On any day, 95% of the stories Drudge links are interesting to read and for the most part well written.
If the Wash ComPost wanted to fix itself it would hire Drudge, or someone like him, as editor in chief. 90% of what is in the washpost I would not read.
The fatal flaw in lights ...
Once the Internet took hold, about 10 years ago, the end was sealed. I think journalism will take hold as local reporters get the news first ... Journalism: Who, What, When, Where, Why, And How will return as the norm. The rest will just be a bloggers opinion.
Locally, our newspapers have given up, they cover only local stuff in their now wafer thin editions. I went by the library and they were stacked 4 feet high for free, and no one even bothered to pick up a copy.
Mark Steyn talks about this. The Fleet Streeters still actually print news - which is why they are surviving. In contrast, our MSM actually withholds news and has otherwise proven to be an arm of the Democratic Party? Now that is not a good business model.

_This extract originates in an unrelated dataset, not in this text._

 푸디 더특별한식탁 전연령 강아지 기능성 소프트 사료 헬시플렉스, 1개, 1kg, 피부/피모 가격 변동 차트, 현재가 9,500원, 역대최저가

For an example of how in the tank the MSM is, look at this blog - The curious case of 200 nearly identical MSM headlines
Around here, the newspaper has given up on local stories. Most local news is either AP or comes from the TV station partner.
Yeah, fire all the reporters, the path of do nothing.

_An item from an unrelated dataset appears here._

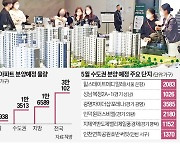 5월 '분양 큰장' 열린다…3만여 가구 쏟아져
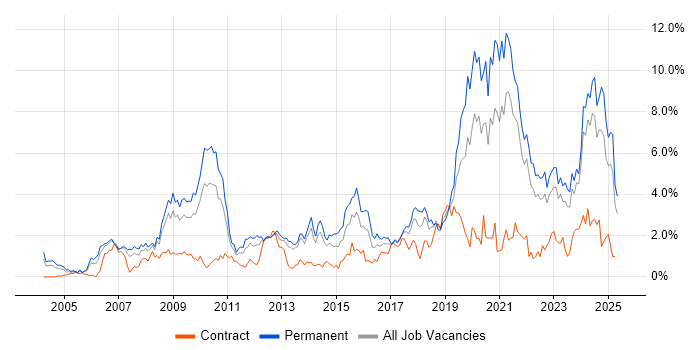 Job vacancy trend for Legal in Merseyside Job vacancy trend for Legal in Merseyside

One curious trend is local FREE broadsheets are springing up, with local politics coverage, a few good reporters, and lots of local ads paying the freight. Apparently they avoid the AP tax this way.
When they stopped reporting the news and when they started mistaking their own opinions for the truth, when they began to think that everyone should think the way they thought and went about re-educating instead of informing, they started losing but they got away with it until the internet where people can get unbiased truth.
Our leftists media were big Mussolini lovers back when.